Belfast Telegraph

Wednesday 1 October 2014

Guantanamo suspect on trial in US denies embassy blasts

The first Guantanamo Bay detainee to be taken to the United States for trial has pleaded not guilty to two embassy bombings.

Ahmed Ghailani entered the plea last night in federal court in Manhattan.

“With his appearance in federal court today, Ahmed Ghailani is being held accountable for his alleged role in the bombing of US Embassies in Tanzania and Kenya and the murder of 224 people,” Attorney General Eric Holder said.

“The Justice Department has a long history of securely detaining and successfully prosecuting terror suspects through the criminal justice system, and we will bring that experience to bear in seeking justice in this case.”

Ghailani’s trial will be an important test case for the Obama administration’s plan to close Guantanamo in seven months and bring some of the suspects to trial.

Ghailani was charged in 1998 for the al Qaida bombings of US embassies in Kenya and Tanzania, attacks which killed more than 224 people.

US officials say Ghailani began his terrorist career on a bicycle delivering bomb parts and rose through the al Qaida ranks to become a bodyguard to Osama bin Laden.

Ghailani, a Tanzanian, was in his twenties when prosecutors say he helped terrorists build one of the bombs that destroyed US embassies in East Africa in 1998.

He left Africa just before the bombings, according to investigators.

He then worked for al Qaida as a document forger, trainer at a terror camp and bodyguard to bin Laden.

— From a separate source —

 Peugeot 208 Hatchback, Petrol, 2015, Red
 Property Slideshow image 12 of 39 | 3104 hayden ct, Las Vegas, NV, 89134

He was categorised as a high-value detainee by US authorities after he was captured in Pakistan in 2004 and was transferred to the detention centre at the US naval base in Cuba two years later.

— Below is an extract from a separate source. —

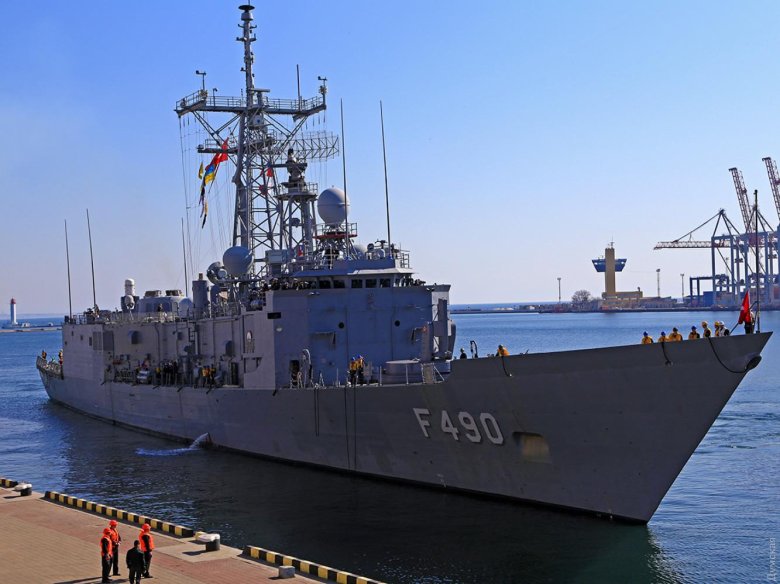 Корабль фрегат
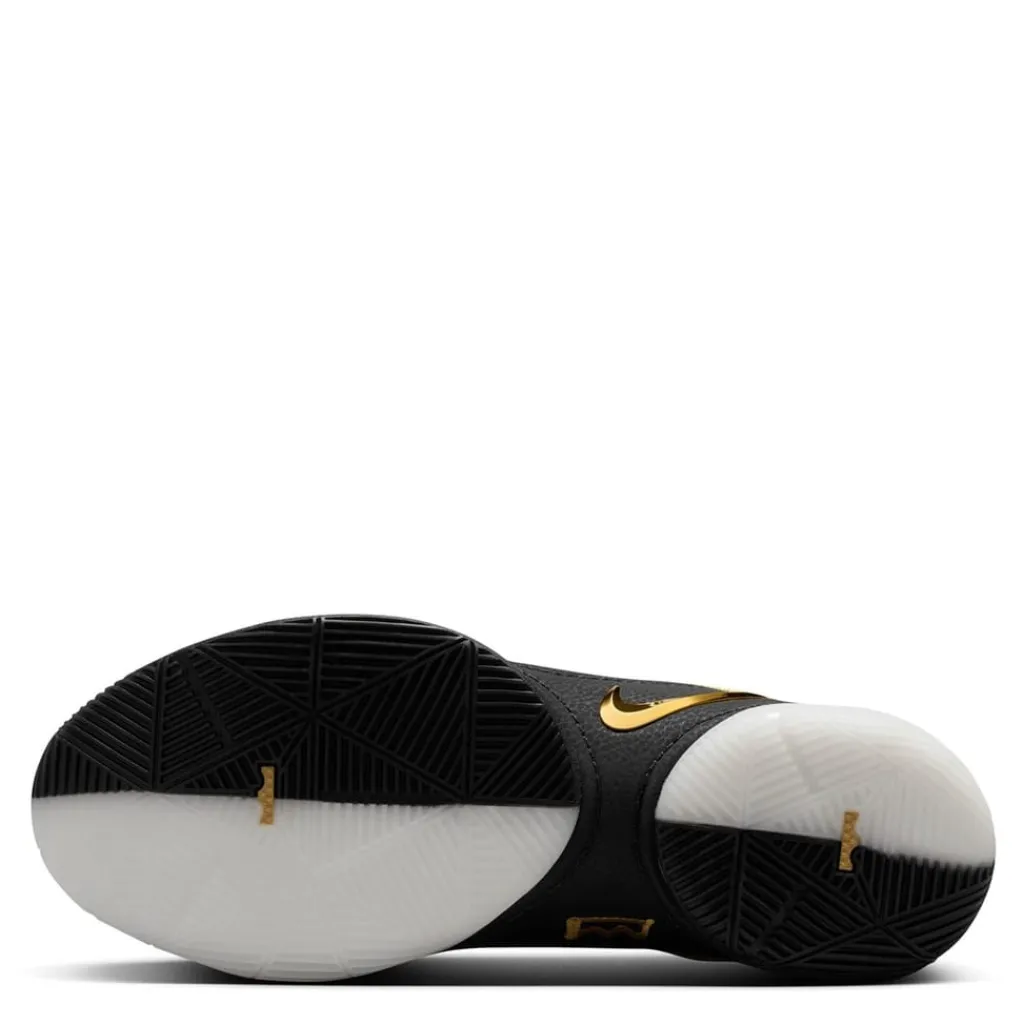 Trainers*Nike Lebron XXII Low Top Sneakers in White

Since his capture, Ghailani has denied knowing the TNT and oxygen tanks he delivered would be used to make a bomb. He also denied buying a vehicle used in one of the attacks, saying he could not drive.

Now, the Obama administration is trying to put him into the US criminal justice system, despite claims by Republican critics that doing so would endanger American lives. Some politicians have opposed taking any Guantanamo detainees to the US for trial, even in heavily guarded settings. Last month, President Barack Obama said that preventing Ghailani from coming to US soil “would prevent his trial and conviction. And after over a decade, it is time to finally see that justice is served, and that is what we intend to do”.

Relatives of those killed in the embassy attacks have supported the decision to bring Ghailani to the US for trial. Many of those relatives say that since the 2001 terror attacks, the earlier victims of al-Qaida have been forgotten.

Yet the president faces pressure from across the political spectrum on his plan to close the detention centre. Democrats have said they want to see the president’s plan for closing the base before approving money to finance it, and Republicans are fighting to keep Guantanamo open.